Set on discovering his roots, he travelled to England, and hated it. A Harvard friend had given him contacts in Ireland. He crossed by ferry and immediately liked the country. He had been tying trout flies since his pre-teen years, and fishing drew him west, where he rented a tiny, two-roomed cottage in Co Clare, close to the River Fergus.
In 1957 he married Harriet Leviter who had, contentiously, been his brother’s fiancée. They had two daughters, Liadin and Julia. Patrick Collins noticed Cooke’s paintings of salmon in a group exhibition and pointed them out to David Hendriks, leading to Cooke’s first, well-received solo show at the Ritchie Hendriks Gallery in 1962. He quickly became a mainstay of the Irish art scene.
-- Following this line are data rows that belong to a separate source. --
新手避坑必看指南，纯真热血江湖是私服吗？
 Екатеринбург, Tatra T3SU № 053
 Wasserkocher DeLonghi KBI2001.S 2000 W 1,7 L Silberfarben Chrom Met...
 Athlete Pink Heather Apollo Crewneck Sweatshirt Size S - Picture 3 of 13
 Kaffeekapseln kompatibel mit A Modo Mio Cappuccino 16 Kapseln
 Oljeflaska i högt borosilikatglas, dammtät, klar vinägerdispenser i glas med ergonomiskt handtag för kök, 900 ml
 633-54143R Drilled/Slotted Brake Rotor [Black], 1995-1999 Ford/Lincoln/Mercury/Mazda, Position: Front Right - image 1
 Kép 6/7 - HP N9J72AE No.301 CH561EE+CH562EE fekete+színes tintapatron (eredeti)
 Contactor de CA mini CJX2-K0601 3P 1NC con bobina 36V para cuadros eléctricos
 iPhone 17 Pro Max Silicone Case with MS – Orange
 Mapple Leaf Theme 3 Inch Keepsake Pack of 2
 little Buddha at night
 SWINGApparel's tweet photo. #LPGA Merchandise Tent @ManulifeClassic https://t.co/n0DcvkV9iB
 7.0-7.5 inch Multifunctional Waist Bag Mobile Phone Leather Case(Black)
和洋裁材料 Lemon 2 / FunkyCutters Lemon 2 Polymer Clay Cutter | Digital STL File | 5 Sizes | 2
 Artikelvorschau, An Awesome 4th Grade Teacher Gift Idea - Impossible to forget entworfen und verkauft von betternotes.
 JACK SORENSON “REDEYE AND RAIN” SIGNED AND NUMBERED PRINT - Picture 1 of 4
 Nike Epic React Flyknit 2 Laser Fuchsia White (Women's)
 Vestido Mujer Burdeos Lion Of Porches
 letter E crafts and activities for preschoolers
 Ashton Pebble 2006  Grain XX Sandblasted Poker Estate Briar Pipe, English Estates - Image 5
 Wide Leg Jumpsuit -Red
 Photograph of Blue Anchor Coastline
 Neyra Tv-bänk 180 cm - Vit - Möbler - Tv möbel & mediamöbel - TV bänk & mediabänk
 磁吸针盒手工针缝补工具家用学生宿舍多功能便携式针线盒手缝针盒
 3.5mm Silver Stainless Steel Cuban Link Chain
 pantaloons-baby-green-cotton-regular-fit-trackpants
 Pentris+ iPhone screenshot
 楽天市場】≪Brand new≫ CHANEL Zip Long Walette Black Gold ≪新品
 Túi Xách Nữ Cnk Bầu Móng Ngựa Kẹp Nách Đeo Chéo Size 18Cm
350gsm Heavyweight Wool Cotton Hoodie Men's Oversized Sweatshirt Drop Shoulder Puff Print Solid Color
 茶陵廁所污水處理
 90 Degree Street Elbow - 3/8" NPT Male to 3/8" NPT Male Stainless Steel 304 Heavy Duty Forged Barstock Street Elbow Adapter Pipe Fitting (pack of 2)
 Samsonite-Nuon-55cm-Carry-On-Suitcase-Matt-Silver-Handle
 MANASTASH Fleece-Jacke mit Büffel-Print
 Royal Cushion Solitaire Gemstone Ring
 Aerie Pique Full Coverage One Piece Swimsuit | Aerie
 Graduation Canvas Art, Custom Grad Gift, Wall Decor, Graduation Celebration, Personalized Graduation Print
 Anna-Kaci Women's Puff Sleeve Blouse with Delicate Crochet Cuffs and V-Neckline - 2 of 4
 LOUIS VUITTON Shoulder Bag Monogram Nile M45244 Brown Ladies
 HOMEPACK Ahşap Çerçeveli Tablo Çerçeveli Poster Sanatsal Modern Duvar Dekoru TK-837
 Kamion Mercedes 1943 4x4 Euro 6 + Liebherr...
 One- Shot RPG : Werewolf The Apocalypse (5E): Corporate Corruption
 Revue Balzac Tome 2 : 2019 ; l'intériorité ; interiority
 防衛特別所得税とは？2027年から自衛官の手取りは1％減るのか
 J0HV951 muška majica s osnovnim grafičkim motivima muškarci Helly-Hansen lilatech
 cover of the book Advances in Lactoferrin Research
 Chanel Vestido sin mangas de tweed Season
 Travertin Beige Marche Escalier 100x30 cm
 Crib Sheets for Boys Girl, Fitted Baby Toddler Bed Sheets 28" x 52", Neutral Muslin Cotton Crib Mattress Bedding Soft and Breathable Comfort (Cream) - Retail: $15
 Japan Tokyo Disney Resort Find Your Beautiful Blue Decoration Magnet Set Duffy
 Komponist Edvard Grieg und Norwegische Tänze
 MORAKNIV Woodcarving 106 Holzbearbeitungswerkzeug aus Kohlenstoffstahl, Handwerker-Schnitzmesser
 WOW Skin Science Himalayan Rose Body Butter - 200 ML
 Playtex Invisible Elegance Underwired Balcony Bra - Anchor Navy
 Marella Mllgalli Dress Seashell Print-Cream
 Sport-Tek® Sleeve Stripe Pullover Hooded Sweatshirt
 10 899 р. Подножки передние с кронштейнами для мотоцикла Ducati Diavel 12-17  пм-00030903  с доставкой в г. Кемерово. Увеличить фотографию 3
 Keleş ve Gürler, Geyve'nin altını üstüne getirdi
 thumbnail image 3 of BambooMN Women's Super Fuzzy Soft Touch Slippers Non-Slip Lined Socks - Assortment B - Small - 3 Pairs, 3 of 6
By 1964 he had become close to the ceramic artist Sonja Landweer. When the new Kilkenny Design Studios invited her to set up a ceramic studio, Cooke moved to Thomastown with her, eventually settling at Jerpoint. They were together for 20 years and had a daughter, Áine. He later married twice, first the poet Jean Valentine, who he had known for many years, and then the painter Pam Berry. Both marriages ended by mutual consent.
Landweer introduced him to the theories of Rudolf Steiner and they had a biodynamic garden at Jerpoint. More to the point, engineer Theodor Schwenk’s book Sensitive Chaos confirmed his own instinctive feeling that flowing patterns, derived from the movement of water, underlay natural forms and processes to an incredible degree. He traced this flow in vivid studies of bone joints as much as in representations of water. At Jerpoint the Heraclitian motto “Everything flows” was inscribed on his studio wall. From the late 1960s into the 1970s he made a substantial body of sculptural works, the Bone Boxes .
In 1975, feeling that he was at a dead end, he raised money for a trip to the rainforest of Malaysian Borneo, where he spent several months. The trip had a dramatically liberating effect on his work: “the only time in my life where the paintings almost made themselves”.
From the late 1980s, New Zealand, which he visited many times, played a similar role. Its vast, pristine expanses counterpointed his growing preoccupation with environmental degradation in rural Ireland, where he painted scenes of pollution.
A founder member of Independent Artists and Aosdána, he served on the boards of the Douglas Hyde Gallery and the Butler Gallery. He exhibited regularly at the Hendriks Gallery, Dublin, and, from 1986, at the Kerlin Gallery.
There were surveys and retrospectives at IMMA, the Haags Gemeentemuseum, the Model, Sligo, The Butler Gallery, Kilkenny, and the Douglas Hyde Gallery, Dublin. His work is in most public collections.
He is survived by his daughters Liadin, Julia and Áine, his son-in-law Stefan and his grandchildren Harriett, Kitty, Liam and Mira.